The same readout was tested under slightly more realistic conditions (not 100% deadtime), by issuing the next trigger randomly within a window of 0–20 us, averaging 6.6 us.

Readout performance, 0--20 us trigger period.

Readout performance of one RIO4 readout node sending data to an x86 event-builder, with 0–20 us livetime between events.

Merger performance

The performance of the event builder / time sorter stage has been tested on one 4-core workstation machine.

Merger performance, event builder and time sorter.

Merger performance, (upper panel) event builder and (lower panel) time sorter. Tested on one E3-1271v3 with 40 GbE connectivity from sources (readout), and to data destination. (In the event builder case, event sizes refers to the final events.)

Notes:

  • With large event sizes, the copying of data dominates the throughput, here saturating at 2 GB/s.
  • There are only very moderate scaling effects up to the 25 sources tested.

The saturation limit mainly applies to the actual merging / event building stage. Note that due to the large decoupling buffers between network input and actual merging, it is possible for a drasi merger node to momentarily accept much higher input volumes, e.g. during off-spill periods.

Clock cycle consumption

The CPU resources spent by the three worker threads involved in event building can also be expressed in clock cycles, per: fragment (part of event coming from each source), final event, and data size (bytes).

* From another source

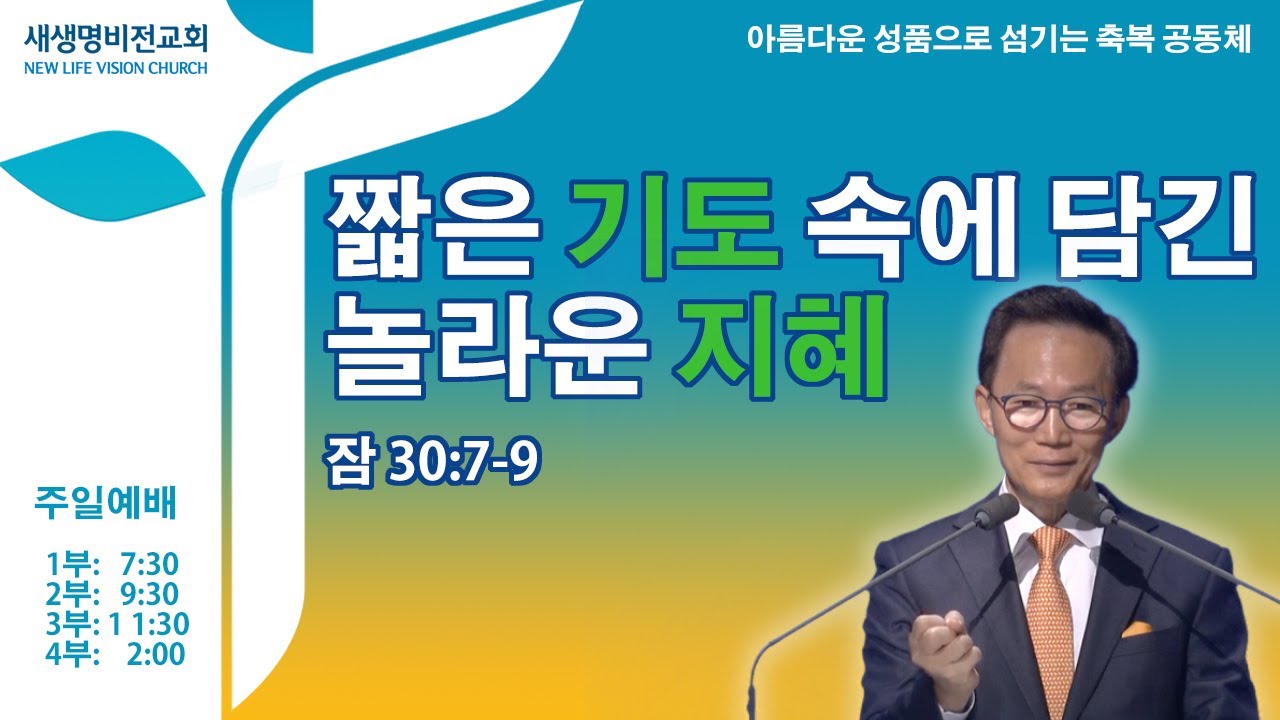 [주일설교]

Note that the measurements giving the numbers below have been performed at approximately half the data and event rate the machine is capable of, in order to reliably disentangle the cost per event and data size. At saturation the numbers are higher (likely due to actual competition for memory latency and bandwidth); i.e. if using these numbers, the attainable rates would be overestimated. The numbers are still useful, e.g. to determine which task is the bottleneck.

Task(thread) clk/frag clk/event clk/B
Input (net) 20   1.1
Merger, EB 205 175 0.9
Output (net)   38 0.9
  • The overhead of pure data copy is approximately the same for each of the tasks. The current limit is the network input thread. (This could with some reasonably small coding effort be made to use multiple threads and thus allow even higher momentary rates.)
  • The overhead per event is largest for the merging thread. Still this is no limit in practice, since in the above measurement, 6.4 million fragments/s were handled.

The situation is very similar with the merger performing time-sorting:

Task(thread) clk/src clk/event clk/B
Input (net)   20 1.1
Merger, TS 33 340 0.9
Output (net)   38 0.9

In this case, there are no fragments — output events are as large as the input events. It is thus reasonable that the merger thread event overhead is close to the sum of the overhead for one fragment and one final event in event-building mode.